"Un altro giro" di Thomas Vinterberg (2020)
Un film anti-borghese che al tasso di alienazione preferisce quello alcolico
Martin, un professore di scuola superiore, scopre che i suoi studenti, i suoi coetanei e persino sua moglie lo trovano noioso, apatico, cambiato. Non è sempre stato così: è stato un docente brillante e un compagno appassionato, quando era più giovane, ma ora è come spento. D'accordo con i colleghi e amici Tommy, Nicolaj e Peter, decide allora di cominciare, insieme a loro, a bere regolarmente ogni giorno, per supplire alla carenza di alcol che l'uomo si porta dietro dalla nascita, secondo la teoria del norvegese Finn Skårderud. L'esperimento, che ha anche un'aspirazione scientifica, comincia subito a dare i primi frutti e Martin torna a essere un insegnante apprezzato e speciale. Ma gli amici rilanciano aumentando il tasso alcolico, e le cose prendono un'altra piega.
Perché vederlo
Perché Thomas Vinterberg, da pari suo (nato in una comune, è stato co-firmatario ormai trent’anni fa del manifesto “Dogma 95” con Lars Von Trier), ha fatto un film che, mascherato da innocuo dramma sulla crisi di mezza età di quattro insegnanti quarantenni, è un oggetto radicalmente anti-capitalista e anti-borghese.
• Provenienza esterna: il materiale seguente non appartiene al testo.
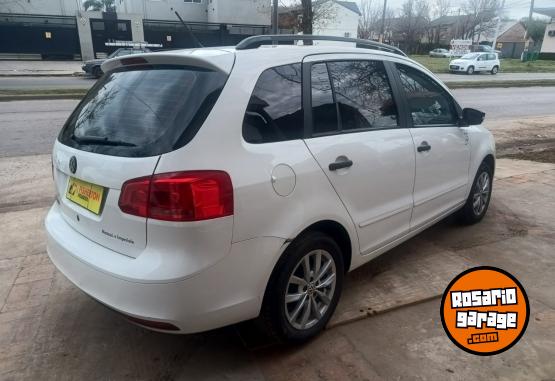 Autos - Volkswagen SURAN TREND LINE 2013 Nafta 120000Km - En Venta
Perché, dopo aver mostrato la morte-in-vita dei quattro protagonisti (quella morte-in-vita dovuta al tasso di alienazione che il capitalismo esige da ciascuno per ragioni di efficienza e massimizzazione del profitto), le ha contrapposto la visione della vita-riconquistata-a-rischio-della-morte, andando contro l’ordine, gli schemi e i valori borghesi, preferendo al tasso di alienazione quello alcolico. Perché non è, come qualche benpensante ha lamentato, un inno all’alcolismo e nemmeno all’alcool (dannoso, certo, come l’aria e l’acqua inquinate, come il cibo avvelenato dai pesticidi, come gli infortuni e le morti sul lavoro, come la pubblicità di merci inutili, come le mille dipendenze che il capitalismo fomenta, intossicando, ferendo, mutilando, riducendo a brandelli la vita da almeno tre secoli). Perché invece è un inno alla vita, nel solco di Kierkegaard e Nietzsche. E perché la danza finale di Mads Mikkelsen (ballerino in gioventù prima di diventare il grande attore che è oggi) è memorabile quanto il fermo immagine conclusivo.
Dove vederlo
Noleggiatelo sulle piattaforme streaming. Oppure acquistatelo su supporto fisico o prendetelo in prestito dalla vostra biblioteca, come abbiamo fatto noi.
Che gran film, come tutti quelli di Vinterberg
Non sono benpensante ma anch'io inizialmente avevo pensato che inneggiasse un po' troppo all'alcol... Però a rivederlo ti do ragione, Tersite, non lo è.